The city of Norfolk, Neb., has become the latest Nebraska municipality to become part of Nebraska Public Power District’s (NPPD) SunWise Community Solar Program with a project that includes a battery energy storage system (BESS) that will be tied to a solar array as a demonstration project.
NPPD said in a news release that it plans to enter into a 30-year agreement with N Solar for an 8.5 MW solar unit to be constructed on land at the city’s well field.
N Solar is a three-company partnership that includes Messner Development, Gen Pro Energy Solutions and Sol Systems. N Solar will have a lease agreement with the City of Norfolk for the land where the solar panels will be installed.
The solar panel installation is expected to begin in 2021 and will be operational by the end of 2021. Norfolk is the fourth Nebraska community to be part of the program that currently includes Venango, Scottsbluff (two units) and Kearney. In partnership with the city, NPPD will host an open house for Norfolk customers to learn about the SunWise Community Solar program.
Eventually the well field site will have over 25,000 solar panels. Collectively, the three N Solar companies have been involved in a combined 20 solar projects across Nebraska, including three of the four NPPD SunWise Community Solar projects.
The BESS will be charged through generation provided by the solar unit. The BESS unit will store approximately the amount of electricity that a small home would use over the course of two months.

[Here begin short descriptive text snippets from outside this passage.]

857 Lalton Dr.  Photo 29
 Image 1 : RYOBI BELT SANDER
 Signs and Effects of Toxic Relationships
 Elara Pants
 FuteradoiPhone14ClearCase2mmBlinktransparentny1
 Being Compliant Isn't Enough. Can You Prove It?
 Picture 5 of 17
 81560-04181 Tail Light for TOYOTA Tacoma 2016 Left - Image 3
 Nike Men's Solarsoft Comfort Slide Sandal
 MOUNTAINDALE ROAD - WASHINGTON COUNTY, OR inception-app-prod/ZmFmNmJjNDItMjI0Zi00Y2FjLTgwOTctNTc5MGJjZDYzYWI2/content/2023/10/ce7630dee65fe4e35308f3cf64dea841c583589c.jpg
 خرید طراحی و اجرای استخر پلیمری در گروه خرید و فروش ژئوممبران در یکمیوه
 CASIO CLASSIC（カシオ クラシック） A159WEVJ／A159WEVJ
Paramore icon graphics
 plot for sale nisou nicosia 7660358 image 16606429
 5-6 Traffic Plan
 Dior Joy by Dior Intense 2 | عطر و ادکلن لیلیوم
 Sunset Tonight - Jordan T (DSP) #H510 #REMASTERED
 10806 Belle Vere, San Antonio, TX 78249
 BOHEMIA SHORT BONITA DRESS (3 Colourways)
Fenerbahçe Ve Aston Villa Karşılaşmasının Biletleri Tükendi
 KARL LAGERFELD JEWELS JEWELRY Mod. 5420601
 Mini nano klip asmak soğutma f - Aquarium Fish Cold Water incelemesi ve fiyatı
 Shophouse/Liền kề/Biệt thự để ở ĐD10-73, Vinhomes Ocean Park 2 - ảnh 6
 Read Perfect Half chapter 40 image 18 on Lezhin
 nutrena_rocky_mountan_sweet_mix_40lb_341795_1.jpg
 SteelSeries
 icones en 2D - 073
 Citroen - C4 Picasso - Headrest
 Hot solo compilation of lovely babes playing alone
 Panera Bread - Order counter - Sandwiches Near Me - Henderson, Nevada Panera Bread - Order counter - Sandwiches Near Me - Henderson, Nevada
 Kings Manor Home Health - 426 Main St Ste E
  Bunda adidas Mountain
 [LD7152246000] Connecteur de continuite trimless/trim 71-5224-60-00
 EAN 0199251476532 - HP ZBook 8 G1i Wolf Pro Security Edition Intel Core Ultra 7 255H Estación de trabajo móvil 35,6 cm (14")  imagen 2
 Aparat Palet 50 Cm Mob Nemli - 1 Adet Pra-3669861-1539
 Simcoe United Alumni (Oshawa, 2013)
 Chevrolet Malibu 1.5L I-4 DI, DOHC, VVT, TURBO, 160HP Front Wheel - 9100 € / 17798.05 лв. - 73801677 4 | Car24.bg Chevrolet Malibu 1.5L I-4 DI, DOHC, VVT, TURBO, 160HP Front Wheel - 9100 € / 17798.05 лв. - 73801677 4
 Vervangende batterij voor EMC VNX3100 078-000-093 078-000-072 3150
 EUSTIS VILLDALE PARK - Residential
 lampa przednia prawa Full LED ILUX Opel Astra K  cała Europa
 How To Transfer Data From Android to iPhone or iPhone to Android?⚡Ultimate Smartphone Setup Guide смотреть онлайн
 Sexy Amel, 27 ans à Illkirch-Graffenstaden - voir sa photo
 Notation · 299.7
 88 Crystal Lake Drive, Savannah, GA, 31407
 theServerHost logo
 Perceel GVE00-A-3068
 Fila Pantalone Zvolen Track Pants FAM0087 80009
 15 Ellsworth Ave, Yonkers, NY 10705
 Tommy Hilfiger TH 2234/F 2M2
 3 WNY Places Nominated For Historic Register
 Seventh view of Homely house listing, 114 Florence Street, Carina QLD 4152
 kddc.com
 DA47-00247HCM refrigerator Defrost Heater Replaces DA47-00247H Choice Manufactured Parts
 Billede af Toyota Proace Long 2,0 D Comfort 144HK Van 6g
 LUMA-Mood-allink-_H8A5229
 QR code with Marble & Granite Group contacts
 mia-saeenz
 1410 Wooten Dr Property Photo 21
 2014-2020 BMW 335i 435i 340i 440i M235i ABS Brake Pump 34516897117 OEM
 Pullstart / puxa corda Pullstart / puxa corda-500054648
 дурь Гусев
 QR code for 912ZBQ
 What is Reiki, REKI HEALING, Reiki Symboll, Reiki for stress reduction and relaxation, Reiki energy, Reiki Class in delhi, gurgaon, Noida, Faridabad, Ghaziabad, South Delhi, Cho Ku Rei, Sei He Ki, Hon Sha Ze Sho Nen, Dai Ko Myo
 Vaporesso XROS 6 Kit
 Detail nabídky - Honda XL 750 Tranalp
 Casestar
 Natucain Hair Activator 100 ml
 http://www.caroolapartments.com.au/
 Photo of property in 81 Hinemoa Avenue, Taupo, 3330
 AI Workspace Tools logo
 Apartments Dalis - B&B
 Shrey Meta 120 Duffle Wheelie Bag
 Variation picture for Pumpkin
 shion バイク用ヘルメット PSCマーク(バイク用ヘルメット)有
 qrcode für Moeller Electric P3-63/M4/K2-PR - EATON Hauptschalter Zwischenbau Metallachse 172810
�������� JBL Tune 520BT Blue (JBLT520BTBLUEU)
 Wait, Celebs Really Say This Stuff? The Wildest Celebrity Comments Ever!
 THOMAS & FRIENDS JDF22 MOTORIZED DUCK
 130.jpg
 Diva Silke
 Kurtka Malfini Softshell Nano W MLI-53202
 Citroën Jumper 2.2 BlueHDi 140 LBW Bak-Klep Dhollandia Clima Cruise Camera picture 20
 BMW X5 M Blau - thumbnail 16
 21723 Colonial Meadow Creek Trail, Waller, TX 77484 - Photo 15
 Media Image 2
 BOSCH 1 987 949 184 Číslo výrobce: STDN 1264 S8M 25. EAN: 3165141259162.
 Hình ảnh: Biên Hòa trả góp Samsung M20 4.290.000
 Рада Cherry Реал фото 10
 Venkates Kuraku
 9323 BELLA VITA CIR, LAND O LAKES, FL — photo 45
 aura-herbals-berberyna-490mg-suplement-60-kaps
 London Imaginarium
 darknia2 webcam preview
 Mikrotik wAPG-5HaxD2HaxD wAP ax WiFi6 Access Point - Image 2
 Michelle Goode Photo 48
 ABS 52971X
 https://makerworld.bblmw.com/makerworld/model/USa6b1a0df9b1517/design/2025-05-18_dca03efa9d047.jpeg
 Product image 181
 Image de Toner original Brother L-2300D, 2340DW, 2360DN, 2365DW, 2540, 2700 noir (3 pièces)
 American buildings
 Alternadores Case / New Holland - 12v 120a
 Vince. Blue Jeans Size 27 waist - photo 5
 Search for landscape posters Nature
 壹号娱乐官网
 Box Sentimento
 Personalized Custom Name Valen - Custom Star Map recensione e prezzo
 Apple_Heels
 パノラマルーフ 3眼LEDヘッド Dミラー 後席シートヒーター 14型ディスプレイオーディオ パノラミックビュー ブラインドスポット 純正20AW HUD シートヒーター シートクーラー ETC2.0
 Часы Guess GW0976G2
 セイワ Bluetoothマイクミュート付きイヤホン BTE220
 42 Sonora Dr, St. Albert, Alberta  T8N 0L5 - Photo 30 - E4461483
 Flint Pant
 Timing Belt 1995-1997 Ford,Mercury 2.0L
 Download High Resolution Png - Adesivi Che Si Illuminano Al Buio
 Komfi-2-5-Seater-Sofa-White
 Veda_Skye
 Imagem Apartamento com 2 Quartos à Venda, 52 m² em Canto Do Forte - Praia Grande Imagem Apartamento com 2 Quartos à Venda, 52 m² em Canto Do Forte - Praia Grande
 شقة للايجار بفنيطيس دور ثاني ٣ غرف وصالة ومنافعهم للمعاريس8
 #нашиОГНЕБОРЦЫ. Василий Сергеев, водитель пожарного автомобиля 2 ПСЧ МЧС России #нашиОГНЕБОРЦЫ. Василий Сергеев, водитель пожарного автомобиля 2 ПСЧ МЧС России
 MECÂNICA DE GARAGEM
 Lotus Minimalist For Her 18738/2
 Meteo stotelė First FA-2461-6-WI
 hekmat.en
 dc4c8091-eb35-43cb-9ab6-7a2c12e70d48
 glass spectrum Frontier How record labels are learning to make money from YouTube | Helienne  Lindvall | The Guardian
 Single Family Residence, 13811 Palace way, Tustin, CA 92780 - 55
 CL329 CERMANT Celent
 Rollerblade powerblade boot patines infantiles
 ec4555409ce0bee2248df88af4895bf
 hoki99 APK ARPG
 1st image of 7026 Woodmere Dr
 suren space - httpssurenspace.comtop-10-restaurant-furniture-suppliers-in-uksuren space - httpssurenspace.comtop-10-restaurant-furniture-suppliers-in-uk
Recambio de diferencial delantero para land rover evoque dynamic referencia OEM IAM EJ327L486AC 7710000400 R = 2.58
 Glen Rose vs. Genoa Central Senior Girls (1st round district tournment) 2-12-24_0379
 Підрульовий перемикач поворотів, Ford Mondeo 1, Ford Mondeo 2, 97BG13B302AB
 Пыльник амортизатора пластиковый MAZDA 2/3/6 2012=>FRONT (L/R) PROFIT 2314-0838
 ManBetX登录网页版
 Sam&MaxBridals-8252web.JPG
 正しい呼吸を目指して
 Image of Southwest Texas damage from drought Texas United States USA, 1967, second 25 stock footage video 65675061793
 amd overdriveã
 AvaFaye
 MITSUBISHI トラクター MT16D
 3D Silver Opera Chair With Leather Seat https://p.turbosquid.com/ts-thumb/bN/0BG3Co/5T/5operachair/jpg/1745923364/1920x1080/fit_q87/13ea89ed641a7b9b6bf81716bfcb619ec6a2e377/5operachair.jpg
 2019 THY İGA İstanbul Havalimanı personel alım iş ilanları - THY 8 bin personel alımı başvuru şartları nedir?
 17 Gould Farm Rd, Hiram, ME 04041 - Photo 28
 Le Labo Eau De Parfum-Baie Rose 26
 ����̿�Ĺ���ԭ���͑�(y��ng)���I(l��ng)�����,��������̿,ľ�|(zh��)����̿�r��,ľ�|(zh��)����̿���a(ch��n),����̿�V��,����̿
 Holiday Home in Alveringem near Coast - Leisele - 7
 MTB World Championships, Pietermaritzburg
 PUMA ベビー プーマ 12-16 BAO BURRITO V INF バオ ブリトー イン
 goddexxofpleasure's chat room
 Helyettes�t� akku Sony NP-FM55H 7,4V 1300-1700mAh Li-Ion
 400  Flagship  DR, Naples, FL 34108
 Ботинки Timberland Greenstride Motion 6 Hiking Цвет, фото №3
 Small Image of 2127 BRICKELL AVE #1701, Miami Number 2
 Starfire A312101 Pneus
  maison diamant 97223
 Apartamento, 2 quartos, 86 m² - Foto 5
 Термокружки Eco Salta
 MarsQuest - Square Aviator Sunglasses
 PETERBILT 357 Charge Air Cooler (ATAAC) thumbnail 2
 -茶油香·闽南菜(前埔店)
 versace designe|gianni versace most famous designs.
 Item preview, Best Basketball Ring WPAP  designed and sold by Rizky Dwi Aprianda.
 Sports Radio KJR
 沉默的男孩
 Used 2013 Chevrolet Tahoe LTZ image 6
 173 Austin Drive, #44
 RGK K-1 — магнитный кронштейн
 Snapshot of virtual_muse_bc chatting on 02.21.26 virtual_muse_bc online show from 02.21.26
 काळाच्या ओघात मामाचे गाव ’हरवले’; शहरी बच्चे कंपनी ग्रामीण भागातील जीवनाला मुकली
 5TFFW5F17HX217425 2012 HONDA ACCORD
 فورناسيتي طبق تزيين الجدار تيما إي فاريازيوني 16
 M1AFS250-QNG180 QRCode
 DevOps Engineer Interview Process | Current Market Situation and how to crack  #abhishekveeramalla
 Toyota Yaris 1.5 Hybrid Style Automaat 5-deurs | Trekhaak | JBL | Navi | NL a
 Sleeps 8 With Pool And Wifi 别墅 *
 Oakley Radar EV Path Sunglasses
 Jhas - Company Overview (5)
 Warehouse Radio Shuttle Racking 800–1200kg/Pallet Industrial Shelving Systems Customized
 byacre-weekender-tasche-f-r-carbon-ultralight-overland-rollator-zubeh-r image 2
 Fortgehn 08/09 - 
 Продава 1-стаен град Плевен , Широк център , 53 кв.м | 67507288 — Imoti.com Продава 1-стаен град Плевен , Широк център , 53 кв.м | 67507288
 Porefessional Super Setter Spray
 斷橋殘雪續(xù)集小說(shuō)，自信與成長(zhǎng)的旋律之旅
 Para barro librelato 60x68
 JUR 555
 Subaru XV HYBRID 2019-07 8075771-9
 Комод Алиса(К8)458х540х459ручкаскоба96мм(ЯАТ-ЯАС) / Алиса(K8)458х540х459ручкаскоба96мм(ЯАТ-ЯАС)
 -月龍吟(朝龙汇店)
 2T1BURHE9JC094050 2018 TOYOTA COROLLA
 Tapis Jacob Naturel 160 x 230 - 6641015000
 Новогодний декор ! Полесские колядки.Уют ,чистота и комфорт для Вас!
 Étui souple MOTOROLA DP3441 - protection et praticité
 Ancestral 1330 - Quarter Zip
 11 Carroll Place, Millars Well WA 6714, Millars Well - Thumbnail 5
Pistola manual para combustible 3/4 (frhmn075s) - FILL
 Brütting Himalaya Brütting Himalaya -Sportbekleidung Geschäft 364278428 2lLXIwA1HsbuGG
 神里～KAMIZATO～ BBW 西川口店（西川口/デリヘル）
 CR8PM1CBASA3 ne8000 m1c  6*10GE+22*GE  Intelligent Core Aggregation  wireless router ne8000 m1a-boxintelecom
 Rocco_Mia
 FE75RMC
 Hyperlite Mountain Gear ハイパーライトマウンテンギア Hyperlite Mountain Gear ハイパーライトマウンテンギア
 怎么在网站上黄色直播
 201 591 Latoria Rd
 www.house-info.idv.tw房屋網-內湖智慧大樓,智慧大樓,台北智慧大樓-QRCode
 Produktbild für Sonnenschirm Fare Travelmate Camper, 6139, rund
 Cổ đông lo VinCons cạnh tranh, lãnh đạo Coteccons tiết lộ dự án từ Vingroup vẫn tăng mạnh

With support from the city of Norfolk, NPPD received a grant from the Nebraska Environmental Trust (NET) for $490,000 over two years for the BESS project. Norfolk committed to participate in the funding request as a grant partner and is providing the real estate for the project site, weekly inspections and guided public tours.
The demonstration project is the first of its kind in Nebraska, having one megawatt, two megawatt hour utility scale, proven technology, NPPD said. The BESS will be charged and discharged daily to accomplish several goals for NPPD such as demand management, frequency regulation, voltage support, and smoothing and shifting variable renewable energy generation.
This project was not cost-effective for NPPD to fund in total but with the Nebraska Environmental Trust grant sharing the battery costs it became possible.
NPPD’s SunWise Community Solar Program has an existing facility in Kearney that has been in operation for nearly two years, generating 5.7 megawatts of energy through photovoltaic panels. In the past year a 4.375-MW unit was installed in Scottsbluff. Smaller solar arrays in the program are located in Scottsbluff (128 kilowatts) and Venango (98 kilowatts).